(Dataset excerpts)
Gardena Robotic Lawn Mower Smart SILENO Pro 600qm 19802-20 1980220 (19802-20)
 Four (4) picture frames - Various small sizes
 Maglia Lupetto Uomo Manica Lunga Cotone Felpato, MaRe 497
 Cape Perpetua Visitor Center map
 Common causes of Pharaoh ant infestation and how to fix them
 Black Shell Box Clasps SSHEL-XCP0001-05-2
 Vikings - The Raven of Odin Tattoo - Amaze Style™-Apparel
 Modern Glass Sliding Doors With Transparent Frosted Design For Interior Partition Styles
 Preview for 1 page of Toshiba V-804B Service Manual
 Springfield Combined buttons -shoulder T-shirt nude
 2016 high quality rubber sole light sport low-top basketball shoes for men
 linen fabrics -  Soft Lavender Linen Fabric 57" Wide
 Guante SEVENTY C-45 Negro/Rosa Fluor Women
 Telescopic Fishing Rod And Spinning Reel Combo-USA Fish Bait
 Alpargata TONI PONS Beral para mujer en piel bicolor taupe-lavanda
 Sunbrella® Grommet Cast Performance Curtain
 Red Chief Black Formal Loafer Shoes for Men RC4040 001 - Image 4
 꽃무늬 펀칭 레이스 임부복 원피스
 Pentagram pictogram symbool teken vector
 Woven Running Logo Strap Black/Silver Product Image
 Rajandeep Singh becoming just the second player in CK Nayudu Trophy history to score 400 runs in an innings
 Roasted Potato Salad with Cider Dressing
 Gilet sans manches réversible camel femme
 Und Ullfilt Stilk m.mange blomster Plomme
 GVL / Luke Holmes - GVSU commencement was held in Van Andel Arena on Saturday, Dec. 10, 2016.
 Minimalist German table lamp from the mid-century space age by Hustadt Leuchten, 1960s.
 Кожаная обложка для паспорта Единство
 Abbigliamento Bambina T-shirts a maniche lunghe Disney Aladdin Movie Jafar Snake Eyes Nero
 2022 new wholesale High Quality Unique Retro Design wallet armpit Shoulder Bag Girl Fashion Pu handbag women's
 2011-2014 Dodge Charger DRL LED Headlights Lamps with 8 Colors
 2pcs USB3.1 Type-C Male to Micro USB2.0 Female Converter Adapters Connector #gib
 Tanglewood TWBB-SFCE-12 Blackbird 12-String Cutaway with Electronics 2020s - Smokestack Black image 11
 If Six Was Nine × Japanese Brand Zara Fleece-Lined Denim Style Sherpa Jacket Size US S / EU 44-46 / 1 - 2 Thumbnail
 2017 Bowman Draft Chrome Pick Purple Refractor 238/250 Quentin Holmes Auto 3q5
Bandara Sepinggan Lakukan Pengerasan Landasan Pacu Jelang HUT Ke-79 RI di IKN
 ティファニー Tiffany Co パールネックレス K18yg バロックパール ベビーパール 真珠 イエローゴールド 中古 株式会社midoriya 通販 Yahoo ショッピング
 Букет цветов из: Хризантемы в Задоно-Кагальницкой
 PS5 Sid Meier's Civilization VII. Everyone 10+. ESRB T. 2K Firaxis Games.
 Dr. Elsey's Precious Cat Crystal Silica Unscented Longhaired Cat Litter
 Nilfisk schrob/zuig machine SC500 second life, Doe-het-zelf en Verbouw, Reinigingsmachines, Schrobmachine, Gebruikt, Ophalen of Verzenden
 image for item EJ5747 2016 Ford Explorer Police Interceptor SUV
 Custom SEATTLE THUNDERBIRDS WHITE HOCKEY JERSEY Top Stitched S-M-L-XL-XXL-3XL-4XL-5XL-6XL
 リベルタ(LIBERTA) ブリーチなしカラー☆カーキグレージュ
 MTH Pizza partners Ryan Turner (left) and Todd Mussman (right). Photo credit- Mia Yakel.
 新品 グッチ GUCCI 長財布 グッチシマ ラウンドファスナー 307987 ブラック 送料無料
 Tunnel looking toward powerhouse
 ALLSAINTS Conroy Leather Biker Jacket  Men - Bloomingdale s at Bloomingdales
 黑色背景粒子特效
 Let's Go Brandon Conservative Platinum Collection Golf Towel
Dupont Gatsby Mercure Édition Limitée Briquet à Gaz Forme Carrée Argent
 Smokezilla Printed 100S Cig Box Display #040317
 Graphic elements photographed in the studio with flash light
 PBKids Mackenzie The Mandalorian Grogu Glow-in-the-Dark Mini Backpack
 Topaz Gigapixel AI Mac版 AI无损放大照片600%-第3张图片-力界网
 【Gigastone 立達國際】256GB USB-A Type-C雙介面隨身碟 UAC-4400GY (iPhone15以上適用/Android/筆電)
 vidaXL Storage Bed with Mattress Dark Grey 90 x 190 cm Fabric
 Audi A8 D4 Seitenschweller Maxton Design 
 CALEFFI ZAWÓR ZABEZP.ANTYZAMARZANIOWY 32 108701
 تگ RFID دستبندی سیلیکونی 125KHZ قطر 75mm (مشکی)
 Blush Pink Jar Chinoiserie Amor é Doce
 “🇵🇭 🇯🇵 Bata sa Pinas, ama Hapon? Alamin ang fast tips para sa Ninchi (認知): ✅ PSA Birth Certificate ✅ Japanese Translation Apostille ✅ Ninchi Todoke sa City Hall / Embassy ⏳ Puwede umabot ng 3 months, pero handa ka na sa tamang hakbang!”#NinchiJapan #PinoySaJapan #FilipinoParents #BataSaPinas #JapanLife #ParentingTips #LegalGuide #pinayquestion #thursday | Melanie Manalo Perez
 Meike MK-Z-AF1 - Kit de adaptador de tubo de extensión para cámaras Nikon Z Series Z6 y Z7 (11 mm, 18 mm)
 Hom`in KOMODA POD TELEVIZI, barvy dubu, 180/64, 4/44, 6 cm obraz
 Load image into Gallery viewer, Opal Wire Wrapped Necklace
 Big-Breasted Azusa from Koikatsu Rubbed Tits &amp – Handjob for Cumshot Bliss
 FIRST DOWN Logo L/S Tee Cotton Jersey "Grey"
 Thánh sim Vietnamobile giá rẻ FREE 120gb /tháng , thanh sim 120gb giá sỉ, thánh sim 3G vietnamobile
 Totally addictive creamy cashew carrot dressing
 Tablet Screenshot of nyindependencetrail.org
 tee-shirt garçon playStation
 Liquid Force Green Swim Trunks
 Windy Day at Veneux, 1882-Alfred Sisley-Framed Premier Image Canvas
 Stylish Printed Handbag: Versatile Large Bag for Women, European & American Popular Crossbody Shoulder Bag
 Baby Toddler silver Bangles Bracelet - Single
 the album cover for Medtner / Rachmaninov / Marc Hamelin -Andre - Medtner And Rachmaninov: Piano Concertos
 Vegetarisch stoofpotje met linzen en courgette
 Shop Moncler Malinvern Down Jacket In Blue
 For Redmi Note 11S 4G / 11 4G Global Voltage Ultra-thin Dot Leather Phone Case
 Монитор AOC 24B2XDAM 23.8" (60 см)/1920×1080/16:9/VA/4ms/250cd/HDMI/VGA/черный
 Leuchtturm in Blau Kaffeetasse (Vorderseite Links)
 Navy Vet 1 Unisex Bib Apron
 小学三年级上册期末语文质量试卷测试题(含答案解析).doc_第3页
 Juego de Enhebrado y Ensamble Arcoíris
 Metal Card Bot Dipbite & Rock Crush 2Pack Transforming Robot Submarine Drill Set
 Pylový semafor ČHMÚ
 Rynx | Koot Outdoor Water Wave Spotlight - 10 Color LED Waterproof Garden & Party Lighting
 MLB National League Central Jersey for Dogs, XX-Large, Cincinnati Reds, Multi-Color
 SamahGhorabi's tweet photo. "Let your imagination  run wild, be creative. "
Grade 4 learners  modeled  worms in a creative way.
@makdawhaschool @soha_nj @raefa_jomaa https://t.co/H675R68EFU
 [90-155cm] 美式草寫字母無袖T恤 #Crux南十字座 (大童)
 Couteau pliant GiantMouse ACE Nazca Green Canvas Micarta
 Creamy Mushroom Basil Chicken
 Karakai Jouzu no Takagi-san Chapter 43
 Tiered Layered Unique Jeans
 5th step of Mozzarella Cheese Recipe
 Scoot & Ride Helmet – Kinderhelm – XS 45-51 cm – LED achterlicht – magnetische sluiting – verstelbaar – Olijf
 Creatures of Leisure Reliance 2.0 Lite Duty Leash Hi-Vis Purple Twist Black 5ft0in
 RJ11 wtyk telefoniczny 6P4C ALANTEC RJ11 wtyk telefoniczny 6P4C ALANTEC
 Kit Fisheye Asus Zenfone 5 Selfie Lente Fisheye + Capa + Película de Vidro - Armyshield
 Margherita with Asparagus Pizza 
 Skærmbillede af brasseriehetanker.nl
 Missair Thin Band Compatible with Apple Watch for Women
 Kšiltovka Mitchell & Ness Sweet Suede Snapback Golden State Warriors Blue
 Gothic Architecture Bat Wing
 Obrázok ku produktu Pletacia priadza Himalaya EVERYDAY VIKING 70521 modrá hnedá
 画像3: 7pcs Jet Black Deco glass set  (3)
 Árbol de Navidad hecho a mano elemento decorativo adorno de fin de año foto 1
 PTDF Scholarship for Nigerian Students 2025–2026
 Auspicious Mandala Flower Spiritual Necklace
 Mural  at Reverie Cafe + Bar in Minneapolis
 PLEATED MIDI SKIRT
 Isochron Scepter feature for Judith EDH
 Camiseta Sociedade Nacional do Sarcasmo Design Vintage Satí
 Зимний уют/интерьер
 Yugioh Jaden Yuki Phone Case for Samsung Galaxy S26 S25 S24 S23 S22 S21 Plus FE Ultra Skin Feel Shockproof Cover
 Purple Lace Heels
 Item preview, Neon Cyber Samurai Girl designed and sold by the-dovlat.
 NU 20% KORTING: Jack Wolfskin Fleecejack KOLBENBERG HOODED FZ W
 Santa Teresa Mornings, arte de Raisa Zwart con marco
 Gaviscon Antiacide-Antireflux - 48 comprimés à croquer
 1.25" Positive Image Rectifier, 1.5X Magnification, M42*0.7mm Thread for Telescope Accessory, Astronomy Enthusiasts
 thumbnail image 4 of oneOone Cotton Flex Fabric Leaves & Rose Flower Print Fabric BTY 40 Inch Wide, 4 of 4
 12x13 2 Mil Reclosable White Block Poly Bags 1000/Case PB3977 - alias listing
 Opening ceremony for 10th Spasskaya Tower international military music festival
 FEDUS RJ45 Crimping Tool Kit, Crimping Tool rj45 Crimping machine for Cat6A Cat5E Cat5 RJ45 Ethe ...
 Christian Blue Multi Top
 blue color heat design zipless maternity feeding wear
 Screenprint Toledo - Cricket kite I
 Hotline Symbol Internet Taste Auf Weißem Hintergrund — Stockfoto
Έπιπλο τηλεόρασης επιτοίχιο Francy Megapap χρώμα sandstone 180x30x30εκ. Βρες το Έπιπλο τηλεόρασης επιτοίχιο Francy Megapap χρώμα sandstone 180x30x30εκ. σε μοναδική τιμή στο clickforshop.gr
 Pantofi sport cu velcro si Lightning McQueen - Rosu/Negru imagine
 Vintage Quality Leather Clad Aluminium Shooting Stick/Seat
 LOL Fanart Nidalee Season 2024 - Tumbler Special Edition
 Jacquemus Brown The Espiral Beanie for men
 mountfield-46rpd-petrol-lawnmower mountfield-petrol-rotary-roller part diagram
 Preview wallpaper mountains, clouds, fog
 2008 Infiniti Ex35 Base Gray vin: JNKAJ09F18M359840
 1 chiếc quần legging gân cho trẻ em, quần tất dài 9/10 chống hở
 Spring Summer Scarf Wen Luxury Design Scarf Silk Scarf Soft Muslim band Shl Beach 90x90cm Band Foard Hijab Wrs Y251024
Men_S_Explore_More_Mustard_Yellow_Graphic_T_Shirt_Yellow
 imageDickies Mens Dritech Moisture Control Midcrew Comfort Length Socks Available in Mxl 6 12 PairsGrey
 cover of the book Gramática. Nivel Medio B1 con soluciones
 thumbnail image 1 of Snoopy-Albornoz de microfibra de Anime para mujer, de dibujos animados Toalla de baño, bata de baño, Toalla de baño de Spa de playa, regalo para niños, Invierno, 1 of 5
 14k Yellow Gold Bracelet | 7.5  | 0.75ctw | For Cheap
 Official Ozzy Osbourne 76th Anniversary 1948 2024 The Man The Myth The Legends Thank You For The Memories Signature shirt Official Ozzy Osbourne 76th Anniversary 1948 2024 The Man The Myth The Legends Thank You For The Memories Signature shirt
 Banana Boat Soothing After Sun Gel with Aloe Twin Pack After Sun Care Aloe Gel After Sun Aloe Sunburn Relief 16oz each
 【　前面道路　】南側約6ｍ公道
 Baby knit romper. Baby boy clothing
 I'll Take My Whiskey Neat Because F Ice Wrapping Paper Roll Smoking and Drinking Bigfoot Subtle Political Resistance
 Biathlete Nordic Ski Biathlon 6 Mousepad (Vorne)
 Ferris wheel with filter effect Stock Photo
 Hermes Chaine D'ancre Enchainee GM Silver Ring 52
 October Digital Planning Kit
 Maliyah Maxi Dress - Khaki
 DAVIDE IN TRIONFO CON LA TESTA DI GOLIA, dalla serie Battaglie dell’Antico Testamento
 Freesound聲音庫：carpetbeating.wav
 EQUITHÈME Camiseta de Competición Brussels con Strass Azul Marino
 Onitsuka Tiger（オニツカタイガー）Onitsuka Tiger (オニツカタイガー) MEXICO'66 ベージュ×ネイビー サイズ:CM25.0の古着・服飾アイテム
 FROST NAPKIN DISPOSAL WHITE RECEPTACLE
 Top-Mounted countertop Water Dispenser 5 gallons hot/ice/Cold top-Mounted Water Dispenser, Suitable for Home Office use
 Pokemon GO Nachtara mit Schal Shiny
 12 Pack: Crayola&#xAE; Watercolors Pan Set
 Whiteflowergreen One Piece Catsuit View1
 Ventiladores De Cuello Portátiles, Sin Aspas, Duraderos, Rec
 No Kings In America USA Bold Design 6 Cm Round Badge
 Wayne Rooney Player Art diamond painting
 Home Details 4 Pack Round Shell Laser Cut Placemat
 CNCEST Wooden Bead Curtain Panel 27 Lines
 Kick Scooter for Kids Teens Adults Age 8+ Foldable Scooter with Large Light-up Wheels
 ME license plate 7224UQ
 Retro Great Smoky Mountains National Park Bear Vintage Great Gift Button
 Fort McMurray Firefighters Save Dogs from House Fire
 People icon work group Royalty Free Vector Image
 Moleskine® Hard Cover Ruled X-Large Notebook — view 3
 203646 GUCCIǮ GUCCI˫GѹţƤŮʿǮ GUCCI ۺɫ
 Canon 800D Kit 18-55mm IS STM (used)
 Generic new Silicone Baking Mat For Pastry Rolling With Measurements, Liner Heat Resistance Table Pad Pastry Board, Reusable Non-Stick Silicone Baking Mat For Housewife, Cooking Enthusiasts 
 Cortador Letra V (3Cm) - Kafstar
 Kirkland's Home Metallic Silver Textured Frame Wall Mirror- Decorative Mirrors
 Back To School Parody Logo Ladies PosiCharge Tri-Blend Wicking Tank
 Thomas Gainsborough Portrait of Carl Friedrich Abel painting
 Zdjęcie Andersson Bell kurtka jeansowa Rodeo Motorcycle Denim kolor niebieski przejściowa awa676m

Try it: The answer is every line in the data where the word "Camiseta" appears.

Result of the task:
 Camiseta Sociedade Nacional do Sarcasmo Design Vintage Satí
 EQUITHÈME Camiseta de Competición Brussels con Strass Azul Marino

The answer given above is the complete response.